## Raw data
------------

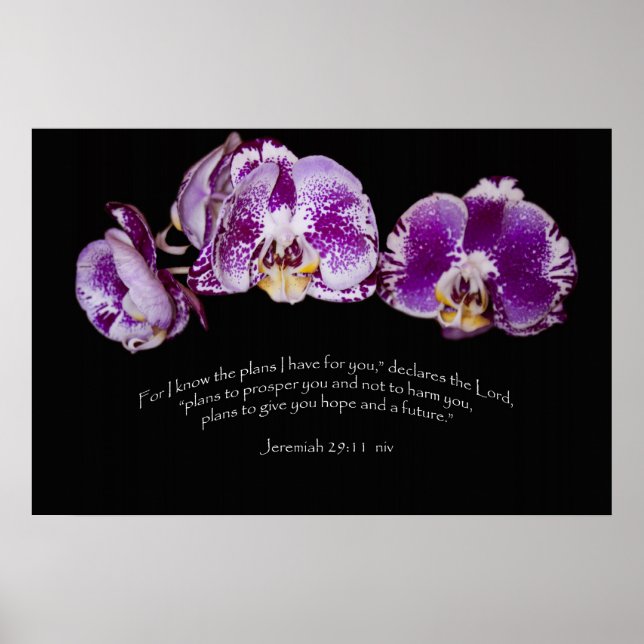 Jeremiah 29:11 poster (Front)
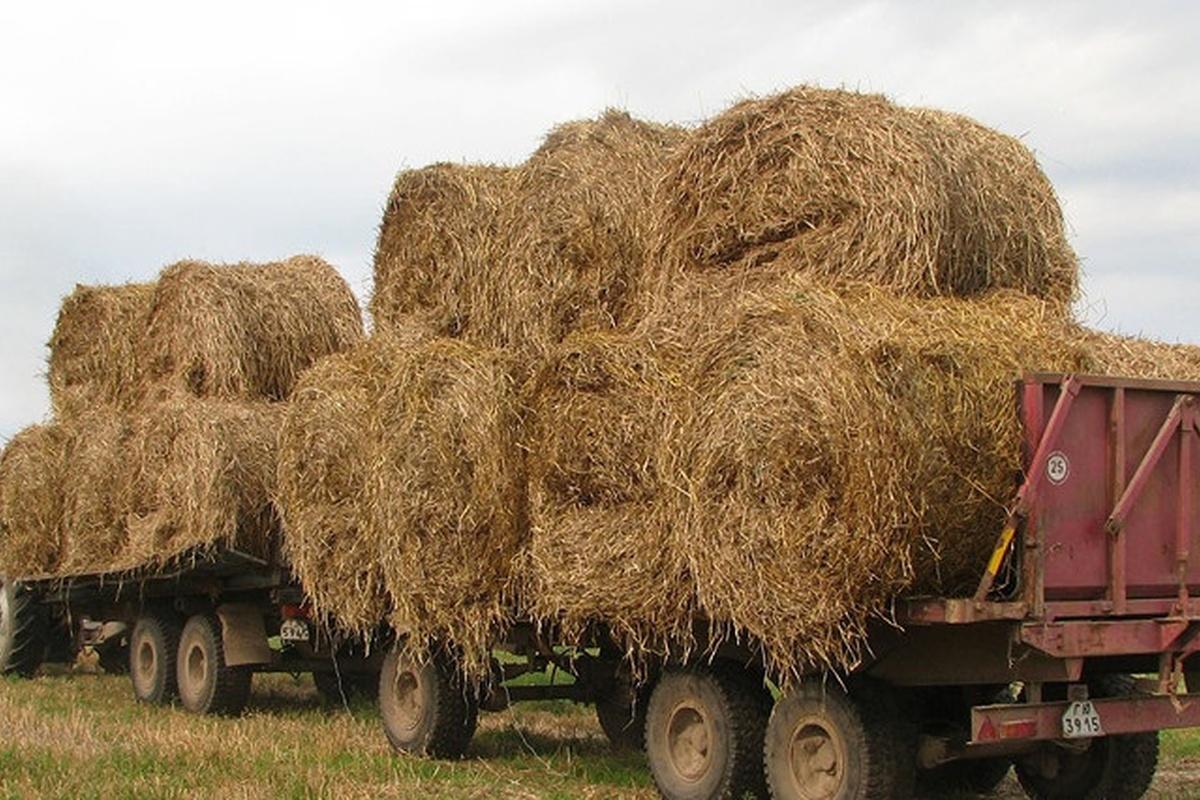 В Калмыкии создали запас кормов, обеспечивающий стабильность животноводства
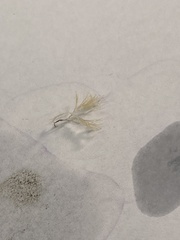 Hydrallmania falcata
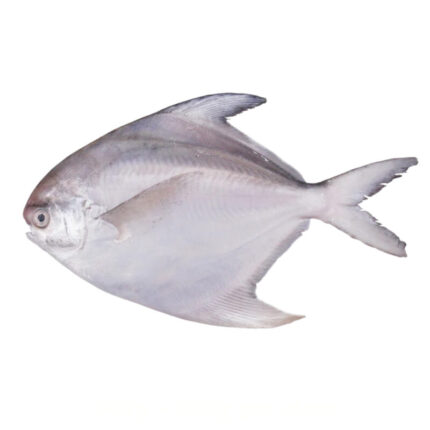 Pan Royal Fresh White Pomfret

------------

## Task to carry out
Set the material down exactly, images excluded.

## Task output
 Jeremiah 29:11 poster (Front)
 В Калмыкии создали запас кормов, обеспечивающий стабильность животноводства
 Hydrallmania falcata
 Pan Royal Fresh White Pomfret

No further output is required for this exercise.